Valero to Spend $700 Million to Cut Pollution
USA: June 17, 2005


HOUSTON - Leading independent US refiner Valero Energy Corp. has agreed to spend $700 million to cut pollution at its refineries, according to a statement issued on Thursday by the US Department of Justice and US Environmental Protection Agency.

 


Valero has also agreed to pay $5.5 million in a civil penalty and spend another $5.5 million to further cut emissions and for support activities in communities where its refineries are located, according to the statement.

A similar settlement between Northeastern US refiner Sunoco and the EPA was announced on Thursday morning.

Valero's agreement is part of the EPA's Petroleum Refinery Initiative, which began in 1998 to bring US refineries into compliance with the US Clean Air Act. The settlements are negotiated under a lawsuit brought by the Justice Department.

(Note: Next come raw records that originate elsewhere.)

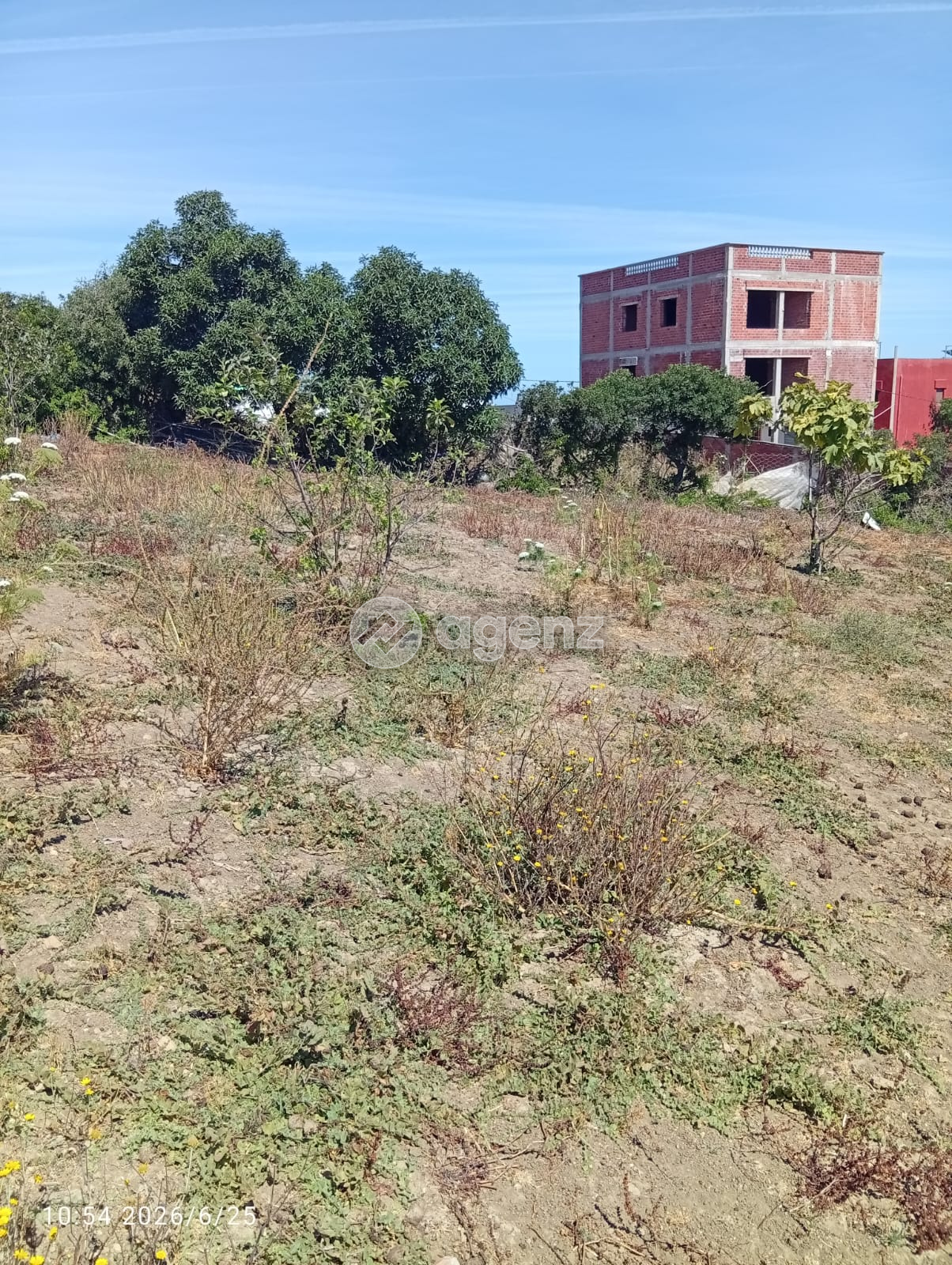 Auténtico Terreno en venta — 2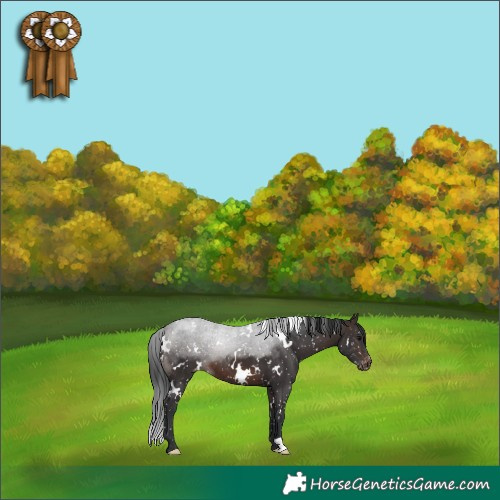 Horse Color:White Spotted Brown Appaloosa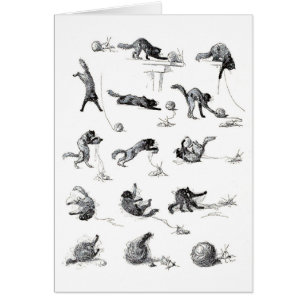 Chat noir & Boule en laine, Alexandre Steinlen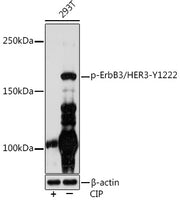 Phospho-ErbB3/HER3-Y1222 Rabbit mAb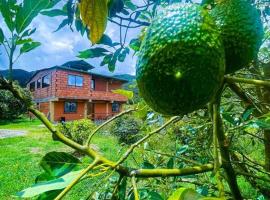 Retro Finca Urrao - Peaceful Avocado Farm Retreat，位于Urrao的酒店
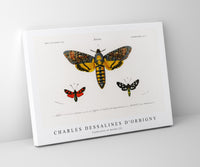 
              Charles Dessalines D'Orbigny - Collection of moths (2)
            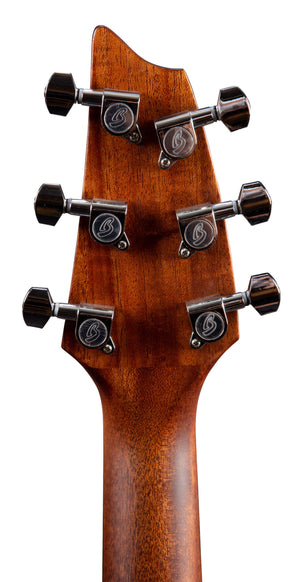 Breedlove Discovery S Concert CE Sitka-African mahogany DSCN01CESSAM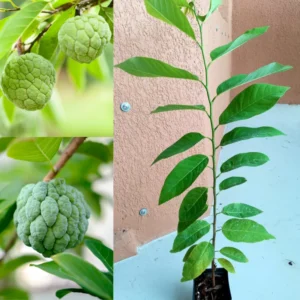 Sugar Apple Plant Live - 8-12 Inch Fruit Tree - 3.5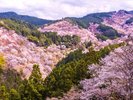 【吉野山(桜)】ホテルから車で1時間45分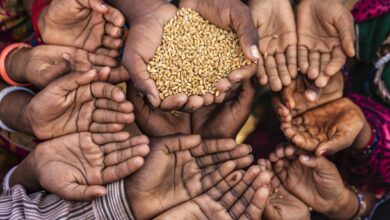The world is preparing for a wave of hunger as the wars in Iran and Ukraine continue
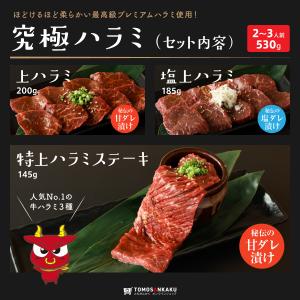 牛肉 はらみ 焼肉 究極ハラミ セット(2〜3...の詳細画像1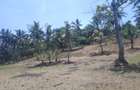 90 ac Land at Ridge - 9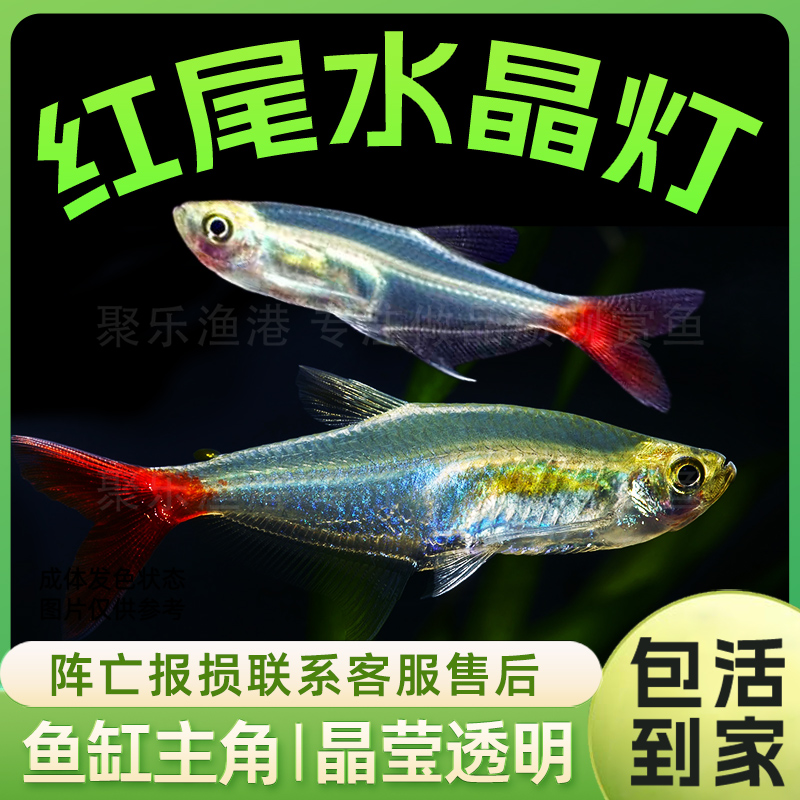 红尾水晶灯鱼透明玻璃鱼 热带鱼观赏鱼淡水鱼宠物鱼活体混养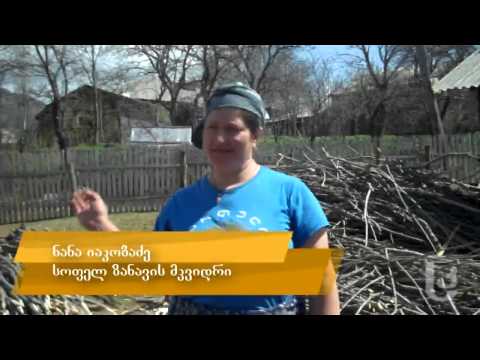 სოფელ ზანავის გადაუჭრელი პრობლემები [Video]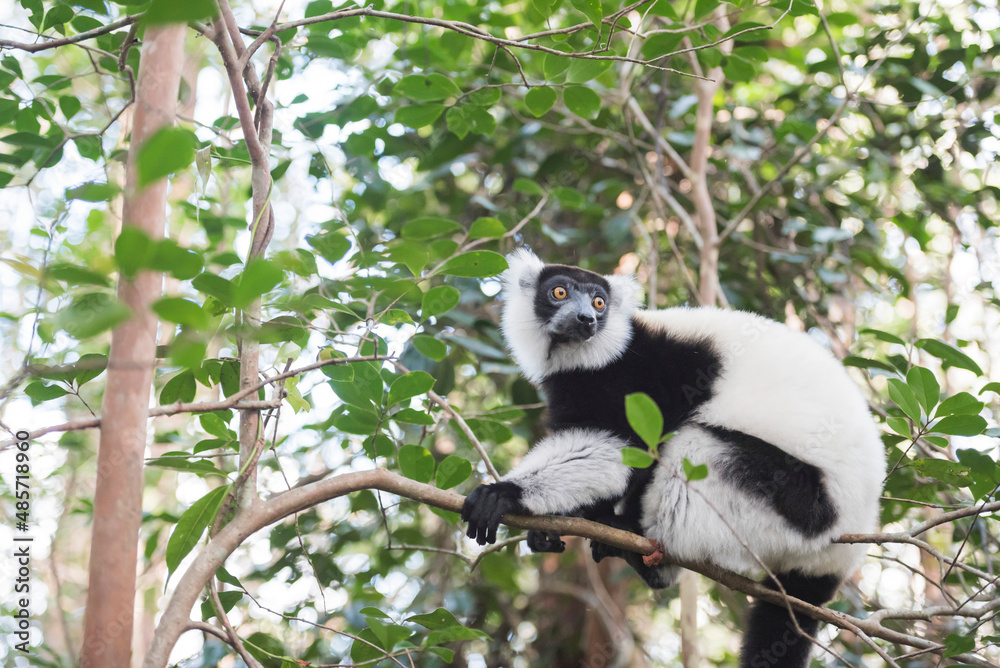 Black and White Ruffed Lemur (Varecia variegata), endemic to Madagascar, seen on Lemur Island, Andasibe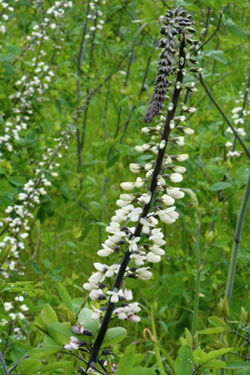 Inflorescence.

So far, the EPA has negotiated settlements with companies operating 65 percent of US refining capacity, according to the statement.

Valero Chairman and Chief Executive Bill Greehey said the "vast majority" of issues covered by the settlement with EPA were problems with permits that occurred before Valero purchased the refineries.

"We're happy to have the agreement completed and we're looking forward to working with the EPA and the states to implement it," Greehey said. "Our emphasis was on providing proven state-of-the-art hardware and technology to reduce emissions, rather than focusing on operational restrictions to achieve emission reduction targets."

Valero has expanded rapidly since 1998 by purchasing 13 refineries in the United States, Canada and Aruba. The company agreed to purchase rival Premcor Inc., which operates four refineries, for $6.9 billion earlier this. That agreement is awaiting approval by the US Federal Trade Commission.

Sunoco agreed to spend $285 million on pollution-reducing equipment at its refineries and pay a $3 million civil penalty as well as $3.9 million on other environmental projects.

Tesoro Corp. as part of the agreement, will pay for projects to reduce emissions at its Golden Eagle refinery in Martinez, California, which it purchased from Valero in 2002.

Refineries owned by Valero covered by the agreement are located in California, Colorado, Louisiana, Oklahoma, and Texas. Refineries owned by Sunoco covered by the agreement are located in Ohio, Oklahoma and Pennsylvania.

Those states were also parties to the settlement.

The emission-reduction projects at the Valero refineries will be phased in over the next seven years and have already been included in capital budget planning by the company, Greehey said.